Pero lo que hay que entender es que esta posibilidad no es lo natural, lo obvio, lo supuesto, lo que va de suyo, es algo, vuelvo a insistir, que supera infinitamente todo deseo y posibilidad humanas. Lo natural, lo obvio, lo supuesto, en cambio, es que vamos a morir, y que si desaprovechamos esta oportunidad brillante e inesperada que Dios nos ofrece, moriremos para siempre. Y habiendo tenido la oportunidad de alcanzar esa maravilla por gracia de Dios, el perderla se constituye en la desgracia más penosa que a cualquiera pueda sucederle y no hay imagen medioeval o bíblica o rechinar de dientes que la pueda expresar suficientemente.
Por otro lado, si alguien torpemente afirma que Dios porque es bueno salvará a todo el mundo está temerariamente respondiendo a una pregunta que el mismo Cristo hoy no quiso contestar.

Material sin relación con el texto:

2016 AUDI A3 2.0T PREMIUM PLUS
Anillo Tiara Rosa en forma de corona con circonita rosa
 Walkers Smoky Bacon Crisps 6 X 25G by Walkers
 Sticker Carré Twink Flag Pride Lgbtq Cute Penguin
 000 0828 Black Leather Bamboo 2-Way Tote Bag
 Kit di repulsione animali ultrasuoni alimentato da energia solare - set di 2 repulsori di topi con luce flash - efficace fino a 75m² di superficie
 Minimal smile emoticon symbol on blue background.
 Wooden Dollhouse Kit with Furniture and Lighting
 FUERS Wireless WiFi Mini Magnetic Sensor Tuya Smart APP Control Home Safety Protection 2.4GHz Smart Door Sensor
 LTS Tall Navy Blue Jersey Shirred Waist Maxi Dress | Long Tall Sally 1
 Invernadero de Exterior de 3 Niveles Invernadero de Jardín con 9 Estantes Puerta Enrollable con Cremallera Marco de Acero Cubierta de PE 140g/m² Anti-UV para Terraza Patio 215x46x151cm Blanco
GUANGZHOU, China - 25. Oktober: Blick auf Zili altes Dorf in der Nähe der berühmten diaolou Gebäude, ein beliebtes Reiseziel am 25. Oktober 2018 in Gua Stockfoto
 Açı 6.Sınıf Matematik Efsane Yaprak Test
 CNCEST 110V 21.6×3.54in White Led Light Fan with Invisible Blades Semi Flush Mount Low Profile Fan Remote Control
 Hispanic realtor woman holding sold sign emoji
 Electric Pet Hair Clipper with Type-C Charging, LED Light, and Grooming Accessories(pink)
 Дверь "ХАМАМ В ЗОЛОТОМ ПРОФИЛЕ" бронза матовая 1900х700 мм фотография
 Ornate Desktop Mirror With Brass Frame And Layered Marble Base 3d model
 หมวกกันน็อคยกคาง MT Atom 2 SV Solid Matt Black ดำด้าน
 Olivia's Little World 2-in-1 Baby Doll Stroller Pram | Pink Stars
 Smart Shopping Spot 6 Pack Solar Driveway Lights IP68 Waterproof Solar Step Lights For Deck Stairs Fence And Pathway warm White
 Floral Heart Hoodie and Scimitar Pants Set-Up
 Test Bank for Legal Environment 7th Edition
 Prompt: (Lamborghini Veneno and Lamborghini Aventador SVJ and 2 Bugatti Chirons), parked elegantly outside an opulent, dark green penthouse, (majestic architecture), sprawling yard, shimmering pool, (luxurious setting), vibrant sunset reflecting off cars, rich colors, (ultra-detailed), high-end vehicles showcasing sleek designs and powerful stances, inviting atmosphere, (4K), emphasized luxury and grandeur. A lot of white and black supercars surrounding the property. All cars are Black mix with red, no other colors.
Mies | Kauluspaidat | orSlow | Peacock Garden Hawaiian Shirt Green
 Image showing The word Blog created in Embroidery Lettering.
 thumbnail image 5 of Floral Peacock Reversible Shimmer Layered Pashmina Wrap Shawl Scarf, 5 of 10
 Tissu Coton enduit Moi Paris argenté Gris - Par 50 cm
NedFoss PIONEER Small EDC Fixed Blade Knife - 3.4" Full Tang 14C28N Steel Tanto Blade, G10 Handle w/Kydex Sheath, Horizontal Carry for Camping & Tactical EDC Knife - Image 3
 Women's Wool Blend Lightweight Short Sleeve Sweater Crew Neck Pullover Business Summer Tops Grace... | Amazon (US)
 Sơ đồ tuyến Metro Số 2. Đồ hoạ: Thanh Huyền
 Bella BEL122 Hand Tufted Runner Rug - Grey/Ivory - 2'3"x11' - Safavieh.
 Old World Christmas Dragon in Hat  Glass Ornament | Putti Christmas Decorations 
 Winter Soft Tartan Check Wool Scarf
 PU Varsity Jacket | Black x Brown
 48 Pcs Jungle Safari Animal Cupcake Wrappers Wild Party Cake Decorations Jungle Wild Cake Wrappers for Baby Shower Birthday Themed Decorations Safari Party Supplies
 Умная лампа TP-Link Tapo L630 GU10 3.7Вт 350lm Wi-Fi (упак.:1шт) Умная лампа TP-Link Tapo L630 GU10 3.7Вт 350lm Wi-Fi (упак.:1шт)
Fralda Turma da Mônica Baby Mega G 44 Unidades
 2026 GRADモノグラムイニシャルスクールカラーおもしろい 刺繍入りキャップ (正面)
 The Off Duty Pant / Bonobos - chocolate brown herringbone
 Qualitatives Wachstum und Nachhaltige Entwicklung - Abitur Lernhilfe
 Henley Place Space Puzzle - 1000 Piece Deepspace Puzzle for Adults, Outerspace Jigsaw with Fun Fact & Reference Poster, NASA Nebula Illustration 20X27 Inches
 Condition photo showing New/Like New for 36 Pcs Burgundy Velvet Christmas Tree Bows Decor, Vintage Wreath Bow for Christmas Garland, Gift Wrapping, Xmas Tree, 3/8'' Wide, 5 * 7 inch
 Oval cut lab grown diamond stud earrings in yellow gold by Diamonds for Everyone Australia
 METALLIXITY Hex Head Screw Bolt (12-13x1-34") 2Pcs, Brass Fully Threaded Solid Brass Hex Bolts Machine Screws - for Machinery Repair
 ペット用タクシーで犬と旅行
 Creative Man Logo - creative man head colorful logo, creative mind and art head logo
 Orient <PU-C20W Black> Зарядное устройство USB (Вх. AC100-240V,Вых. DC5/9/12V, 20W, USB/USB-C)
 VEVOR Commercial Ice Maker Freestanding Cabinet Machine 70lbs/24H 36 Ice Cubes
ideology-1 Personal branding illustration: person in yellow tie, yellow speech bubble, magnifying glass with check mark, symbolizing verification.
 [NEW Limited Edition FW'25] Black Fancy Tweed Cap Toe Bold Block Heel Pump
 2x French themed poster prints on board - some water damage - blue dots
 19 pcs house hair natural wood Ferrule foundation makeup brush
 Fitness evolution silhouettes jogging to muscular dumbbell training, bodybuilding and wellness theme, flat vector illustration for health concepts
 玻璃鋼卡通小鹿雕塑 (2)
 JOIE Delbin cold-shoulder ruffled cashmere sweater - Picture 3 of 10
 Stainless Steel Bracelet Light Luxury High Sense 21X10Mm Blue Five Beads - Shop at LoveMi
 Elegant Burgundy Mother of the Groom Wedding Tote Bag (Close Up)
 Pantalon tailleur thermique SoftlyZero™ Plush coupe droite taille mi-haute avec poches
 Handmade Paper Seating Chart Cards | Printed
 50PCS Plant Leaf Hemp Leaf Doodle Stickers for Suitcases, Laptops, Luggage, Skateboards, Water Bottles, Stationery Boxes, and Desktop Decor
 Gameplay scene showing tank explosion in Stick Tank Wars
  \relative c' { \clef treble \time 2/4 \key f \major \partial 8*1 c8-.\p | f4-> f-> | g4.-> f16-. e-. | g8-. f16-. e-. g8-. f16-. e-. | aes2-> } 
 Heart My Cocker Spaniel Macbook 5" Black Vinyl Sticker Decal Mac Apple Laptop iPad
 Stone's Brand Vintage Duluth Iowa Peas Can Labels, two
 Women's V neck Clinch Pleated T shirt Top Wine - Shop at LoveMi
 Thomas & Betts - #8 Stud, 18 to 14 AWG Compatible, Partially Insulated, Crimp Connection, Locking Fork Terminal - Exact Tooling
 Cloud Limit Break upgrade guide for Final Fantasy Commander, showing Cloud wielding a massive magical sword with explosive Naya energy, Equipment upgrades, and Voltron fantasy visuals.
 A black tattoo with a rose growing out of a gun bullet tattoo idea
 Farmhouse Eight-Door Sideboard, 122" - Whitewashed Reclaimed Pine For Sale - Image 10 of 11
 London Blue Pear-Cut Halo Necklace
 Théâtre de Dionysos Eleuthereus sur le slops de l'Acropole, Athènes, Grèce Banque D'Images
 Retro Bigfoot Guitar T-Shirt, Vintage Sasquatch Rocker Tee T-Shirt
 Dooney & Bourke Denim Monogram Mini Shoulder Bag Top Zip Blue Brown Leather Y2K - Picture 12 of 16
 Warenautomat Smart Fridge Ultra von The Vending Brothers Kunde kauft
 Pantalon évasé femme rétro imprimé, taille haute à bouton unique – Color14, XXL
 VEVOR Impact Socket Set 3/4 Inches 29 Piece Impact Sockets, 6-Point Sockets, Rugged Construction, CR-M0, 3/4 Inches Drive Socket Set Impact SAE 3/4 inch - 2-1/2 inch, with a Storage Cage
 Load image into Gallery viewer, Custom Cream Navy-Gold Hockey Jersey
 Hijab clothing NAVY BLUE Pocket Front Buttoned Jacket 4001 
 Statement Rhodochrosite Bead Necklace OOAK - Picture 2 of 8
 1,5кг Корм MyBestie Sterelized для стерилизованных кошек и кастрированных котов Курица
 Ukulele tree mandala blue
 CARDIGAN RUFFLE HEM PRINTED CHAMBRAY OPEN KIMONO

Tampoco voy a ser yo, por supuesto, el que responda a la pregunta diciendo que serán pocos, o muchos... Pero, con Jesús, se bien que la salvación no va de suyo, no viene sola, Dios no tiene ninguna obligación de dármela ni en realidad puede ni siquiera imponérmela contra mi libertad. Antes que nada hay que querer entrar, en segundo lugar hay que esforzarse por entrar y no por cualquier lado sino por la puerta estrecha y, en tercer lugar, hay que vivir de modo que, cuando lleguemos a la puerta, el dueño, el Señor Jesús, nos reconozca.